When seeing the outline of Nicolas Cage’s balls in leopard print underwear is the highlight of a film, then you’ve done something wrong especially when you’ve got an array of madness at your disposal with Cage as the lead in your film. The storyline over-complicates a simple concept and turns it into this foolish marathon of the entire cast trying to out-dumb one another. It also seems to fall victim to blatantly obvious clichés like the one African American nurse at the hospital coincidentally sounds like Miss Cleo as soon as she opens her mouth and knows all the rules to the afterlife.

Final Thoughts

Between Worlds is absurd and humorous for all the wrong reasons and it feels like a bad movie that is dead set on ruining whatever good you want to have with it. Nic Cage portrays a guy who wants to do the right thing, but doesn’t really know how because his dick overpowers his heart at every turn.

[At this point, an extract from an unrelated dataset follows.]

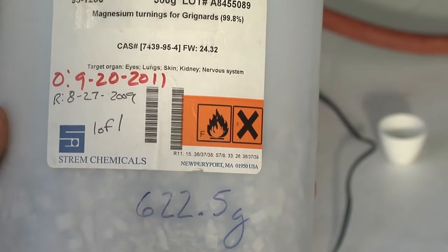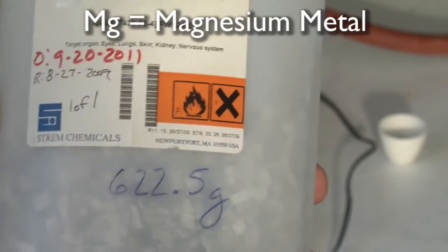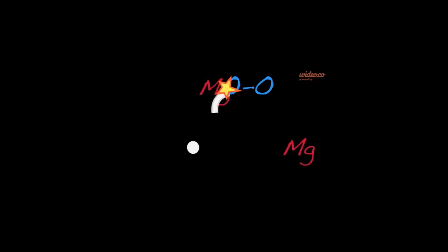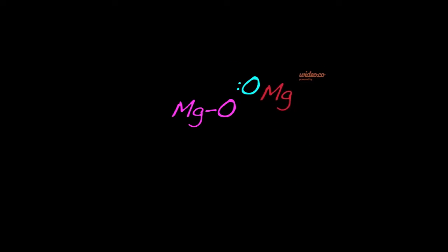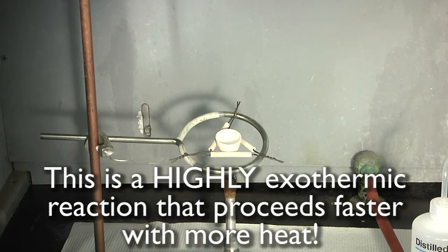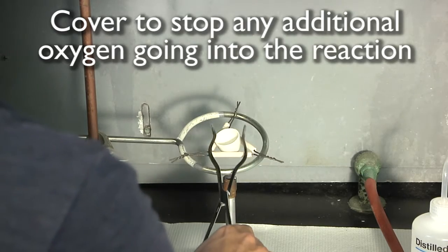Now let the chemistry begin! Add a half gram of magnesium and turn the heat back on. If you heat it gently, you should get a nice reaction with oxygen to produce magnesium oxide. Heat it slowly, and if it begins to smoke, immediately remove it from the heat source and cover it.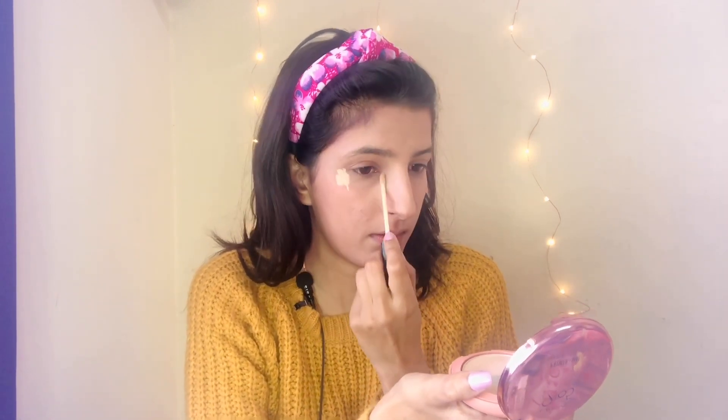Wow, good glow on the face! Now we have to put concealer — Maybelline concealer, this is Fit Me probably, and the shade is sand shade. We have to blend it well.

His performance is more nuanced than it has any right to be as an off-the-handle and completely unrestrained Cage with a bouncing beer gut probably would have made Between Worlds great. Instead, you’re left with this stench that smells like chunky motor oil and darkened regurgitated cooking oil that Nic Cage’s clothes and body hair were likely drenched with during the making of Between Worlds. The film may be worthwhile to hardcore Nic Cage fans, but is otherwise a sleazy, run of the mill truck stop that makes you feel unclean at the thought of stopping at it.

So, I guess, "Between Worlds" is just Nicolas Cage waking women up while they sleep.

So, I guess, "Between Worlds" is just Nicolas Cage waking women up while they sleep.

This content reflects the personal opinions of the author. It is accurate and true to the best of the author’s knowledge and should not be substituted for impartial fact or advice in legal, political, or personal matters.

© 2018 Chris Sawin


Chris Sawin (author) from Houston, TX on May 21, 2019:

How'd you feel about Mandy? It was one of my favorite films of last year.

Leah on May 18, 2019:

Ha, well, i understand, and am in agreement about Nic Cage, and this movie. - cheers-

Chris Sawin (author) from Houston, TX on May 17, 2019:

I barely remember that scene. I haven’t seen it since I wrote this review. I’d have to watch it again and I’m not sure I’m willing to do that. I have a soft spot for Nic Cage stuff, but this is one of his worst. I apologize for not being more helpful.

Leah on May 17, 2019:

Did anyone wonder about the very, very last scene, where a young Joe seems to shoot his father? Can someone please explain this to me please?